# Work instructions
Two lines in the data below mark the range: the one with "Framed Print : Women Working in Sewing Room" and the one with "Heirloom Rose 3D". Return both, along with every line between them, exactly.

# Material for this exercise
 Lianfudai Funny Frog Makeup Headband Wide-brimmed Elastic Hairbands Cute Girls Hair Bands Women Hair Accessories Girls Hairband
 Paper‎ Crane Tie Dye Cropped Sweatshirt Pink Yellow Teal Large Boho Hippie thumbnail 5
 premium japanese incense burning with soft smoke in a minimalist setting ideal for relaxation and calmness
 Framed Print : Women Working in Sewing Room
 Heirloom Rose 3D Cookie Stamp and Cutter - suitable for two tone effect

==

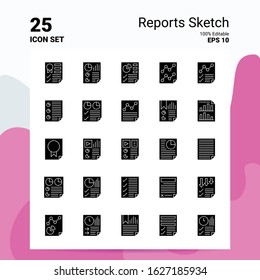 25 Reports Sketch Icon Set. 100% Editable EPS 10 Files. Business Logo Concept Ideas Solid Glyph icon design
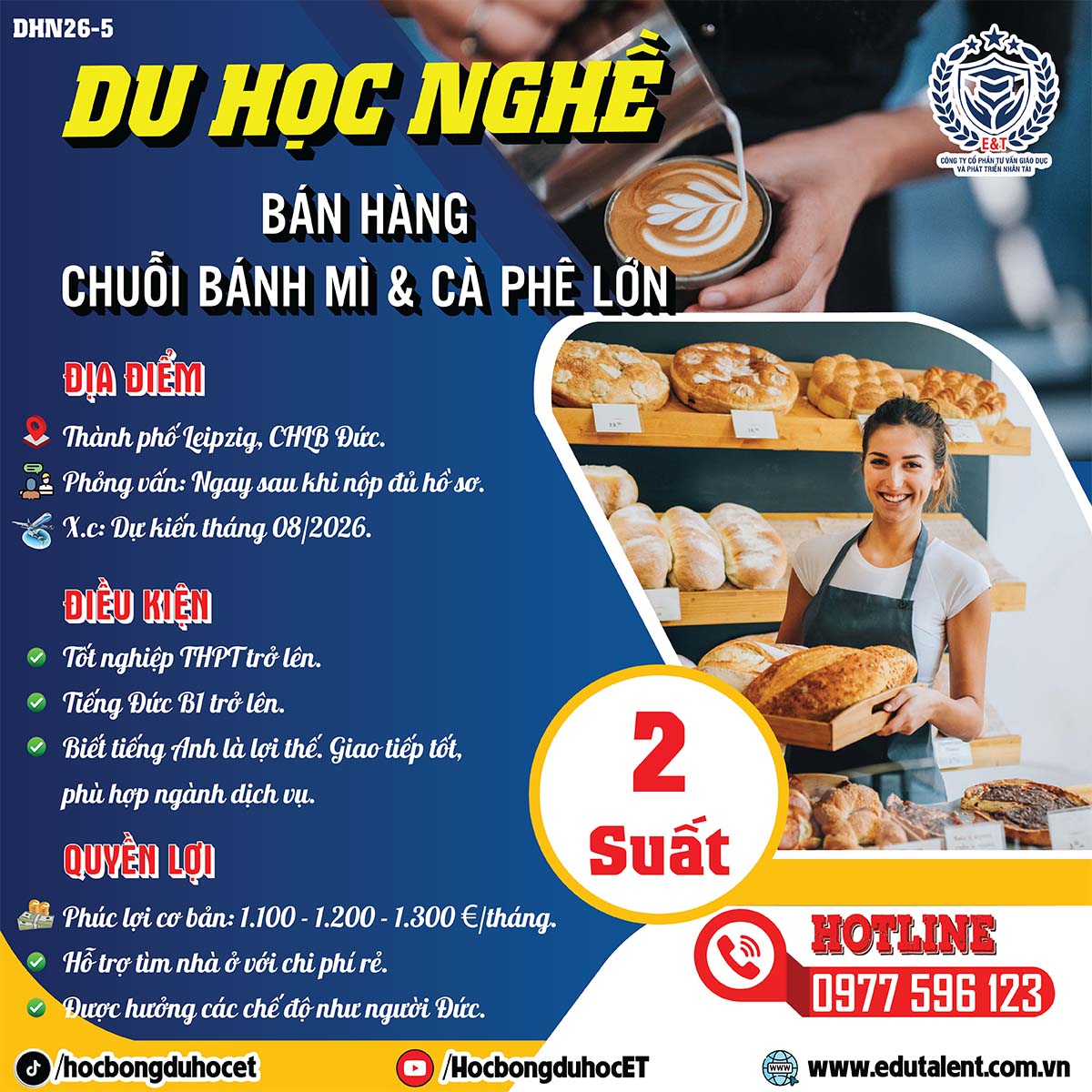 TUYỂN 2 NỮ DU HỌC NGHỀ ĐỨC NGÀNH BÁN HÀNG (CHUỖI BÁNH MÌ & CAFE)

# Reply
 Framed Print : Women Working in Sewing Room
 Heirloom Rose 3D Cookie Stamp and Cutter - suitable for two tone effect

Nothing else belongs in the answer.